Ted Stepien bought the team in 1978 and would change the name to the Cleveland Stepien's Competitors for the 1979 season. Stepien had opened a series of private dining rooms called Competitors Clubs in Cleveland and the team name was to promote the restaurants. In 1980, two teams, Milwaukee and Cleveland broke away to form the North American Softball League (NASL) under the leadership of Stepien, who owned 6 of the 8 teams in the league (only Ft. Wayne and Milwaukee had non-Stepien ownership), while the APSPL continued with just 6 teams. The NASL would last just one season. Cleveland moved to playing at Daniel's Field, Willoughby, Ohio in 1980 and Stepien also purchased the Cleveland Cavaliers of the NBA that year. Also in 1980, Stepien held a promotional event for the league in Cleveland in which he dropped softballs from the 52nd floor of Terminal Tower to be caught by outfielders from the Competitors.
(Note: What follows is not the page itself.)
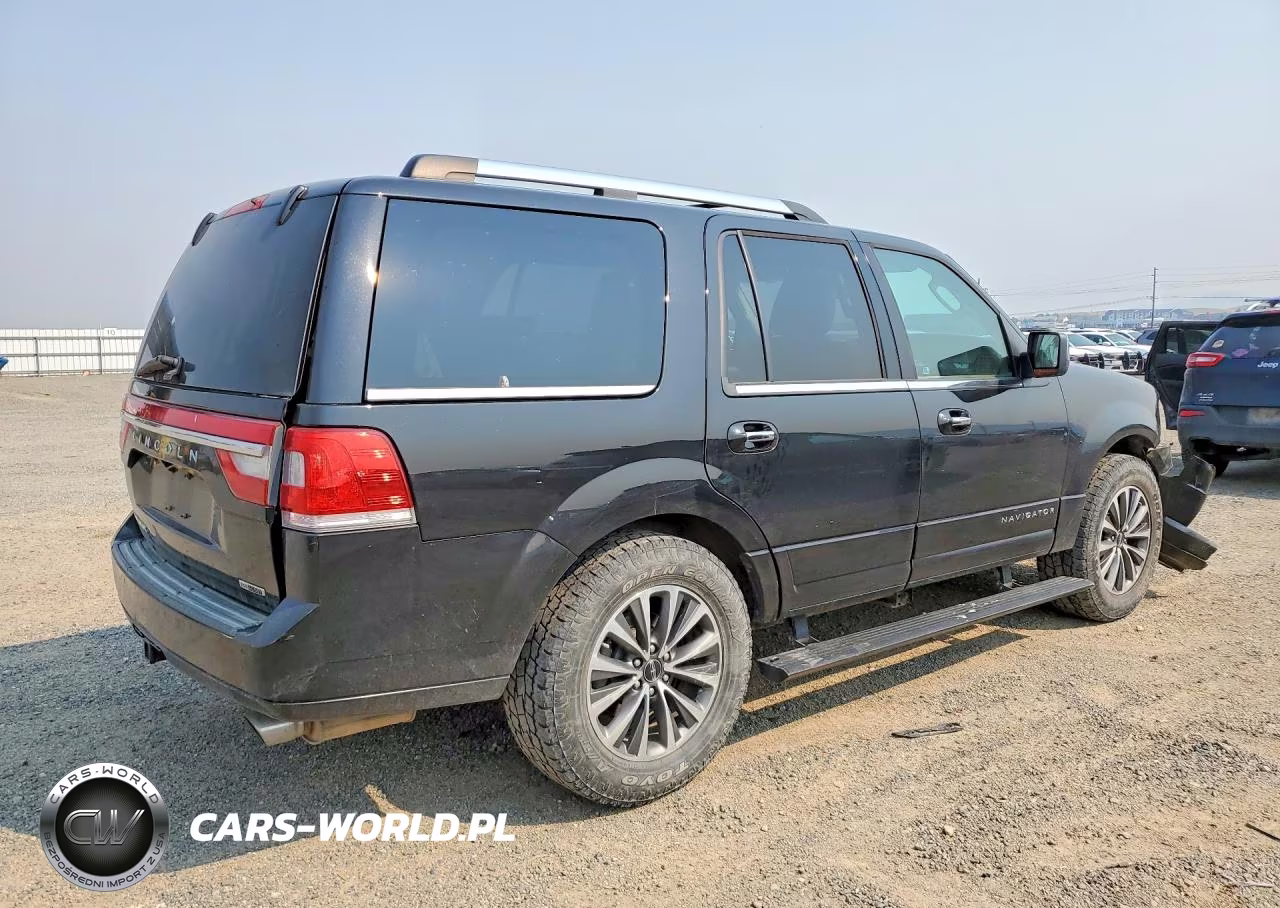 2015 Lincoln Navigator VIN:5LMJJ2JT2FEJ05584 - 3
The balls were estimated to be traveling at 144 mph by the time they reached the street, damaging cars and injuring several spectators. One ball was caught by Cleveland outfielder Mike Zarefoss.

In 1981 the APSPL merged with NASL to create the United Professional Softball League (UPSL), but only the Milwaukee franchise came from the NASL to the new league as the other NASL teams folded. No Cleveland team played in the 1981 season. The merged league competed for two seasons with the Competitors returning in 1982. The Competitors franchise and the league disbanded after the 1982 season. Two members of the American Softball Association Hall of Fame played for Cleveland - Steve Loya (inducted in 1993) and Mike Macenko (inducted in 2007). Macenko is also a member of United States Slowpitch Softball Association (USSSA) Hall of Fame.

==APSPL era==
The Jaybirds had a record of 32-24 (.571) in the inaugural 1977 APSPL season. They defeated Milwaukee Copper Hearth 2–1 in the first round of the playoffs before losing 2–1 to the eventual champion Detroit Caesars in the semi-finals. It was a competitive series against the league-best Caesars as pitcher Shelly Hoffman took advantage of the spacious Trechter Park in Cincinnati to negate the power-bats of Detroit and outfielder Jim Vaccarina made some stellar defensive plays to upset Detroit in the opener of the best of three series. Detroit roared back in the second game (22-5), and Cleveland lost the shot at the upset 8-6 in the third game with 2-run homer by Caesar Gary Geister in the 4th inning making the difference. Detroit beat the Baltimore Monuments in the finals with Mike Nye of Detroit as the World Series MVP. Triple-crown winner Benny Holt (.690, 89 HRs, 187 RBIs) of the Chicago Storm was the APSPL MVP. Rick Petrunyak (.538, 16 HRs, 70 RBIs, and a league-leading 32 doubles) and Bobby Reid (.535,8 HRS, 53 RBIs and a league-leading 15 triples) represented the Jaybirds on the 1977 all-pro team. Doc Booker (.603, 14 HRs, 47 RBIs), Steve Loya (.480, 37 HRs, 84 RBIs) and Jack Gansheimer (.502, 44 HRs, 114 RBIs) had strong years for Cleveland as well.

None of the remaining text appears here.